Data extracted from a collection:
[Start of section]

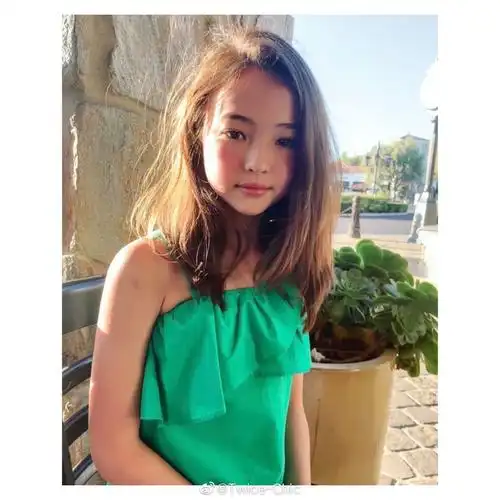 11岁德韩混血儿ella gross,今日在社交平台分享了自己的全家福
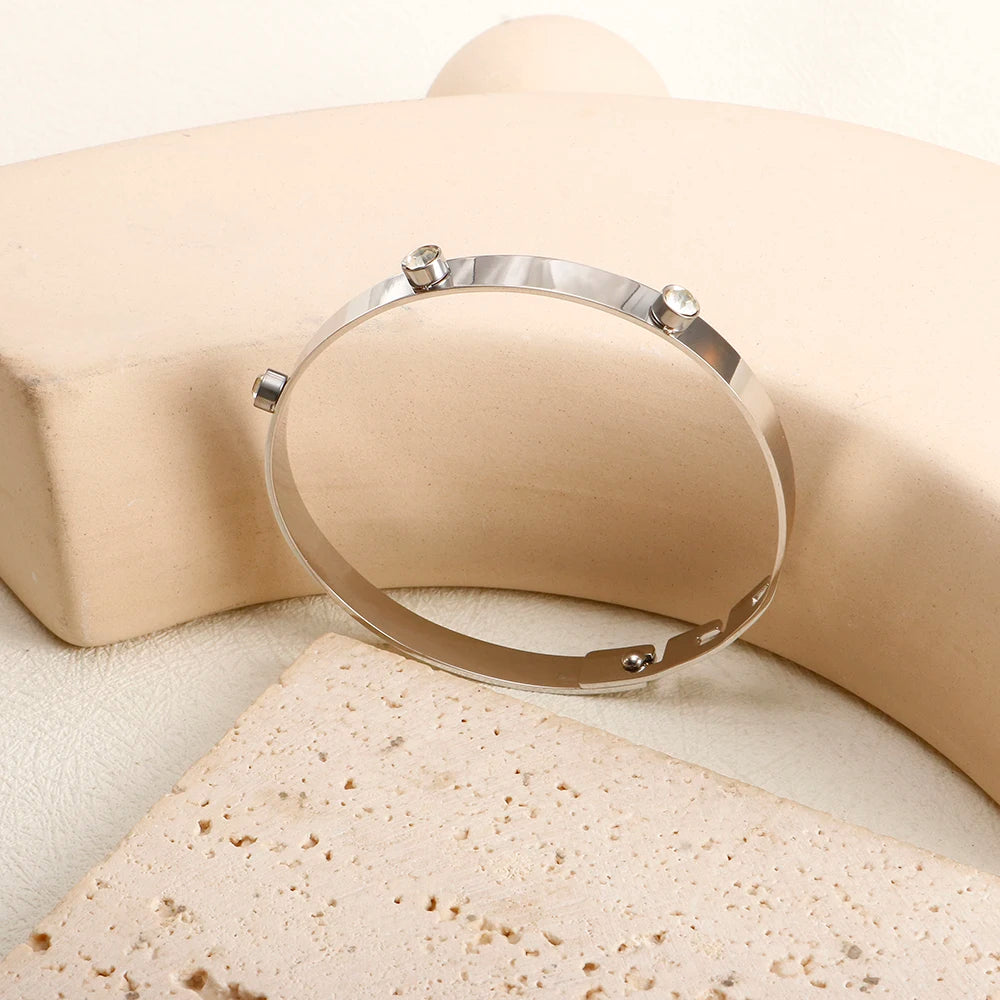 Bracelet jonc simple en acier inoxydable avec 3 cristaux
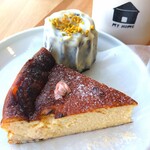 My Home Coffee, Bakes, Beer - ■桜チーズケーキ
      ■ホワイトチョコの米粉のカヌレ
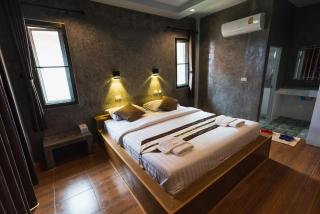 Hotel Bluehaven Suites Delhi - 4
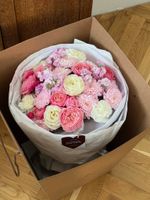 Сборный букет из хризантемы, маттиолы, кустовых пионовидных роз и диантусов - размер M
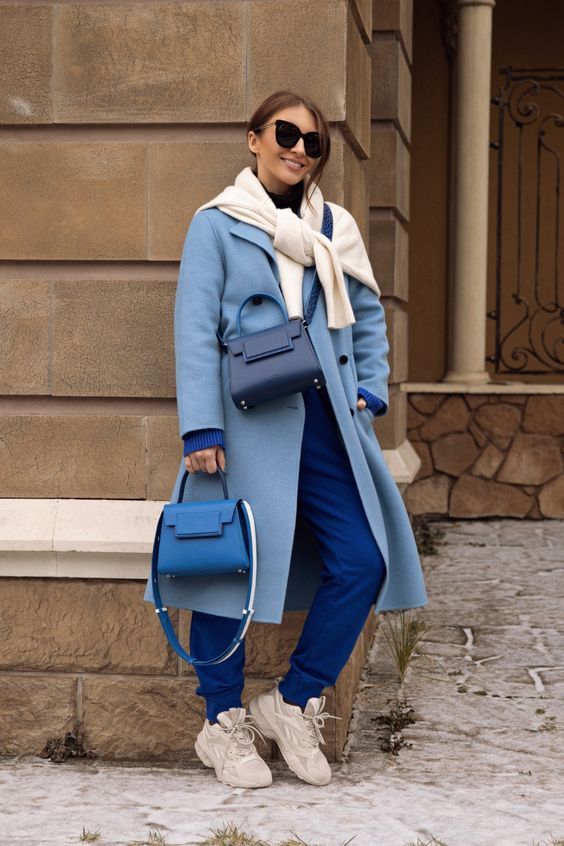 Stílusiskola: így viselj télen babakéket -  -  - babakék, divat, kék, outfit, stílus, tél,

[End of section]

GOAL OF THE EXERCISE:
Give the records again without a single change, and exclude the pictures.

RESPONSE TO THE TASK:
 11岁德韩混血儿ella gross,今日在社交平台分享了自己的全家福
 Bracelet jonc simple en acier inoxydable avec 3 cristaux
 My Home Coffee, Bakes, Beer - ■桜チーズケーキ
      ■ホワイトチョコの米粉のカヌレ
 Hotel Bluehaven Suites Delhi - 4
 Сборный букет из хризантемы, маттиолы, кустовых пионовидных роз и диантусов - размер M
 Stílusiskola: így viselj télen babakéket -  -  - babakék, divat, kék, outfit, stílus, tél,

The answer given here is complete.